A welcome move for education
Friday 29th August 2008, 3:00PM BST.
THIS year’s A-level and GCSE results, which once again topped the national league table, are evidence of the excellence of the Island’s educational system. This excellence, moreover, runs very nearly from bottom to top, our primary schools having a well-earned reputation not only for delivering results but also for having established environments in which children can feel comfortable and happy while they learn.
This sounds like an ideal – if not idyllic – situation, but there is an outstanding problem affecting the very first tier of formal education. This is the scandalous area ‘lottery’ which provides some pre-school children with nursery places while denying this vital start in life to many others.
It has long been recognised that this gap is little less than shameful in a community such as ours. We might no longer have ‘money coming out of our ears’, but we remain one of the most prosperous communities in the world.
However, in spite of this awareness, funds for universal nursery education have been repeatedly denied. Other projects have taken precedence in spite of the best efforts of some politicians – including Education Minister Mike Vibert – to press the case.
But, in a move which can be described as the second major U-turn of recent weeks, the Council of Ministers appears to be about to announce that free pre-school education will be made available for all three- and four-year-olds.

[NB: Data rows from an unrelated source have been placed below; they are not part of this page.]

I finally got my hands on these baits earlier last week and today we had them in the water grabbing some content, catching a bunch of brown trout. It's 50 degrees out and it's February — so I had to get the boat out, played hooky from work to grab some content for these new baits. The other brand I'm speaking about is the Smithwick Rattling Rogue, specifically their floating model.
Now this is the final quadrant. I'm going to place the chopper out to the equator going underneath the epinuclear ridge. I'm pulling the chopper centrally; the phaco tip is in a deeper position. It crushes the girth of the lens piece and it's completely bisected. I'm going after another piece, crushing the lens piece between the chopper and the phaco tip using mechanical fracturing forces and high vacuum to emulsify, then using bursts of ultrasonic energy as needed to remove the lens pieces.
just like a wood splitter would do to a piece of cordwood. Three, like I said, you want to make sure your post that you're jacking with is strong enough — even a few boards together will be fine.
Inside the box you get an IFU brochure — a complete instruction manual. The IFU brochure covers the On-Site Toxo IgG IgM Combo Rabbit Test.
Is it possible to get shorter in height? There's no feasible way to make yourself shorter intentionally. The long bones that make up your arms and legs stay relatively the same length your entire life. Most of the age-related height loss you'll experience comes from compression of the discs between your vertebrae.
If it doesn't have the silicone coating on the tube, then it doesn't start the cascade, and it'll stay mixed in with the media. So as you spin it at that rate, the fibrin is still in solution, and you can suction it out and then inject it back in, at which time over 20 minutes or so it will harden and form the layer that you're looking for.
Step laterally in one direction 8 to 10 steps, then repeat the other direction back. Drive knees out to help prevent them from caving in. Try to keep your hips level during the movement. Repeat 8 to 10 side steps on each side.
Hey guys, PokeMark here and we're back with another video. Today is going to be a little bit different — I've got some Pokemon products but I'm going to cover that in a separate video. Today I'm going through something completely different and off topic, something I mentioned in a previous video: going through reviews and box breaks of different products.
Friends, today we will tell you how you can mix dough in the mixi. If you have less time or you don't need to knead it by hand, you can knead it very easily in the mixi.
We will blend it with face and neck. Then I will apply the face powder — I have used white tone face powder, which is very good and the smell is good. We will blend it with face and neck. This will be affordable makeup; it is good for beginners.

This is welcome – if long overdue – news which, it can be argued, will be of far greater long-term significance than the other surprise decision of the moment, the removal of GST from food purchases.
There will be those who see both the GST proposal and funding for nursery care in cynical terms, pointing out that the polls are just around the corner and that the introduction of a few populist policies will do the electoral prospects of certain senior politicians standing for re-election no harm whatsoever.
It will be up to electors to decide whether any forthcoming amendments to the Business Plan are electoral ploys or policies founded on good sense. That said, there can be no dispute about the fundamental status of free nursery care across the board – it is, quite simply, a very good idea indeed.